BMW – Bisher nur Verdachtsmomente
Die Staatsanwaltschaft München verdächtigt BMW, in 11.000 Dieselautos eine falsche Abgassoftware eingebaut zu haben. Der Anfangsverdacht lautet "Betrug mit einer prüfstandsbezogenen Abschalteinrichtung". BMW verneint jede Absicht: BMW-Chef Harald Krüger hatte auf der Hauptversammlung gesagt, bei 11.700 Autos der 5er- und 7er-Baureihe sei irrtümlich die Software einer anderen Baureihe verbaut worden. Mit gezielter Manipulation von Motorsteuerung und Abgasreinigung habe das aber nichts zu tun. Nach KBA-Genehmigung will BMW die richtige Software installieren.

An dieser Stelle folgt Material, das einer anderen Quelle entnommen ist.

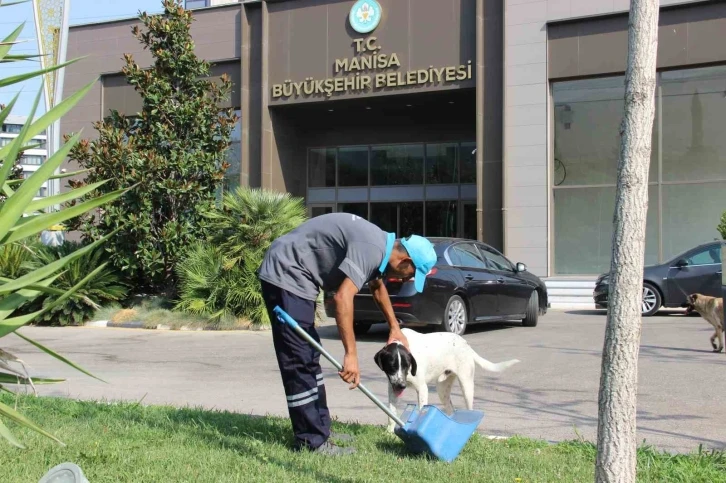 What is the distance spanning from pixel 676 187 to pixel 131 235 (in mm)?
13635

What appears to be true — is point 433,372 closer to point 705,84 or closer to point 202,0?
point 705,84

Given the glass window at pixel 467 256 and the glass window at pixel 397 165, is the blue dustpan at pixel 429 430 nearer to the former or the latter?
the glass window at pixel 467 256

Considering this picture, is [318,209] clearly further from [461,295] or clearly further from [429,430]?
[429,430]

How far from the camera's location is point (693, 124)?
19422mm

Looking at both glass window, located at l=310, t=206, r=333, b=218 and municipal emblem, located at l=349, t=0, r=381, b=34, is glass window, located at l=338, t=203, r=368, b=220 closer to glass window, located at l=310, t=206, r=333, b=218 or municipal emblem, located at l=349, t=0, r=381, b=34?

Opel – Ermittlungen wurden eingestellt
Opel hat bisher kaum etwas mit dem Diesel-Skandal zu tun. Die Staatsanwaltschaft Frankfurt stellte Vorermittlungen bereits wieder ein. Wie die anderen Hersteller lehnt Opel Hardware-Nachrüstungen ab. Das freiwillige Update der Software an 90.000 Dieselfahrzeugen der Typen Insignia, Cascada und Zafira mit Harnstoff-Katalysatoren verzögerte sich bis ins Jahr 2017. Genaue Zahlen hat der Hersteller nicht vorgelegt. Neuwagen werden seit August 2016 mit der neuen Software ausgerüstet.
Und in den USA?
In den Vereinigten Staaten steckt die deutsche Autobranche schon länger im Abgas-Sumpf. Es begann 2015 mit dem VW-Geständnis der Abgasmanipulation. Inzwischen musste Volkswagen über 25 Milliarden Euro an Rechtskosten zur Regulierung der Manipulationen aufbringen. Immer noch bangen müssen der Zulieferer Bosch, dem US-Anwälte eine Schlüsselrolle im "Dieselgate"-Skandal zuschreiben, sowie Daimler und BMW, gegen die ebenfalls Sammelklagen wegen angeblicher Abgas-Manipulationen laufen. Beschuldigt werden aber nicht nur deutsche Hersteller: Die US-Branchengrößen General Motors, Ford und auch der US-italienische Autokonzern Fiat Chrysler müssen sich mit ähnlichen Vorwürfen auseinandersetzen.